Lisa McDonald and the crew of Amer Sports Too lost a duel with a shark and had to stay in Hobart a few extra hours for repairs. Hero of the incident award went to crewmember Keryn Hendersen, who dove repeatedly into the chilly water to determine the extent of the rudder damage.
Team Tyco earned a DNF by checking in seven minutes late at the entrance to Bass Strait. The crew attempted to fight the charge, stating that equipment problems and harsh weather conditions were to blame. The race committee stood by their original decision.
Nicorette, Ludde Ingvalls 80-foot maxi, had her race highlighted by a brush with a waterspout. “I really feared for my life. It was the most unbelievable thing I have ever seen, said Ingvall. “I saw it coming and tried to outrun it. It looked like it was going behind us, but then it turned and got us. I was looking up a tunnel of water and could feel my jacket riding up my back.”

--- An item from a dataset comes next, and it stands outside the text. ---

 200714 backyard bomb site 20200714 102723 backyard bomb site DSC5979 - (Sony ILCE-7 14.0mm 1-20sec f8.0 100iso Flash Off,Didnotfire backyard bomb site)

Nicorette, last years line honors winner, placed second and was the only non-V60 to place in the top six. This was noted by Grant Dalton, who said: “I was delighted that a Volvo 60 won the event and really it was totally dominated by V60s. Despite the races standing in Sydney it contains nothing other than a bunch of slow old boats and this result confirmed that.”
The overall IMS winner was the well-sailed Bumblebee 5, a modified Sydney 62. The IRC victor was Polaris of Belmont, a 31-year-old Cole 43.
For complete results: http://s2h.tas.gov.au/2001/
The Key West Race Week entry list now stands at 325, only one entrant below last year’s record fleet. Large classes of Melges 24s, Farr 40s, J/80s, J/105s, and 1D35s helped pump the numbers up. There are one hundred PHRF boats entered, ranging from an Andrews 70 all the way down to a J/24, as well as a goodly selection of 30-something foot sport boats.